2. Recognise that people bring with them a wealth of other skills, not just their lived experience. When you’re recruiting for a lived experience roletry to think beyond the ‘user voice’ that they could provide and be inquisitive about the additional skills and experience they have. Our team not only have lived experience but they’re also fantastic befrienders, artists, researchers or networkers.
3. Make co-production an everyday occurrence, not a one-off event. We’d like to see the Soap Box version of participation (wheeling someone onto the stage to do the My Story section, and then shoving them back into the wings) consigned to history. Embed co-production in your organisational culture and see every decision or action as an opportunity to involve people.
4. Be prepared for it not to be flashy or even noticeable. Much of the really impactful work wont get you the kudos you might be hoping for. We were recently invited to run a workshop at a conference on the topic of participation. I met with one of my Board members who has lived experience and together we wrote our workshop. My colleague has anxiety and didn’t feel able to co-deliver the event with me, so I delivered a workshop all about co-production and involvement on my own. Instead, he recorded a short audio clip of the key things he wanted to say and we played this in the session. Whilst possibly seeming hypocritical it was the right way for this individual to contribute and made for meaningful and comfortable co-production.

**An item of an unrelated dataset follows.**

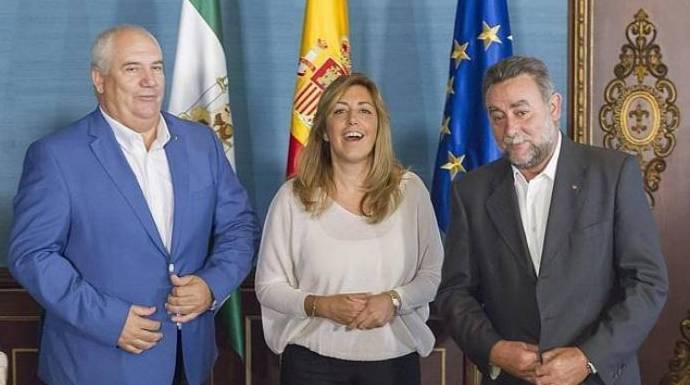 Susana Díaz y, a su derecha, el exlíder de la UGT en Andalucía.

5. Don’t be tempted to think every staff member and volunteer must have lived experience in order to be truly ‘doing co-production’. Whilst there’s undoubtedly a richness to having such a gathering together of expertise, there’s also a vulnerability - both for the organisation and the individuals within it. For instance, if someone becomes unwell their workload passes to a colleague. The heightened stress of managing additional responsibilities may result in them also needing to take some time off sick. Without the stabilising presence of people who have different strengths and needs, you can very quickly find yourself facing a domino effect. Having diversity in your team provides stability.
If you’re an organisation wondering if this approach might be for you, I’d give you an enthusiastic ‘yes’ and promise that I’ll be cheerleading you all the way! I firmly believe that co-production can enhance work in any setting, and even small steps can yield results. If you’re an organisation who’s already talking the co-production talk, I’d ask that you take some time to have an honest conversation with yourself – are you truly embedding this approach? Or are you simply paying lip-service? There is no reason why you can’t change course – slow things down, get curious, ask the right questions, and find out how you can make this into something that really serves your work and amplifies peoples’ voices.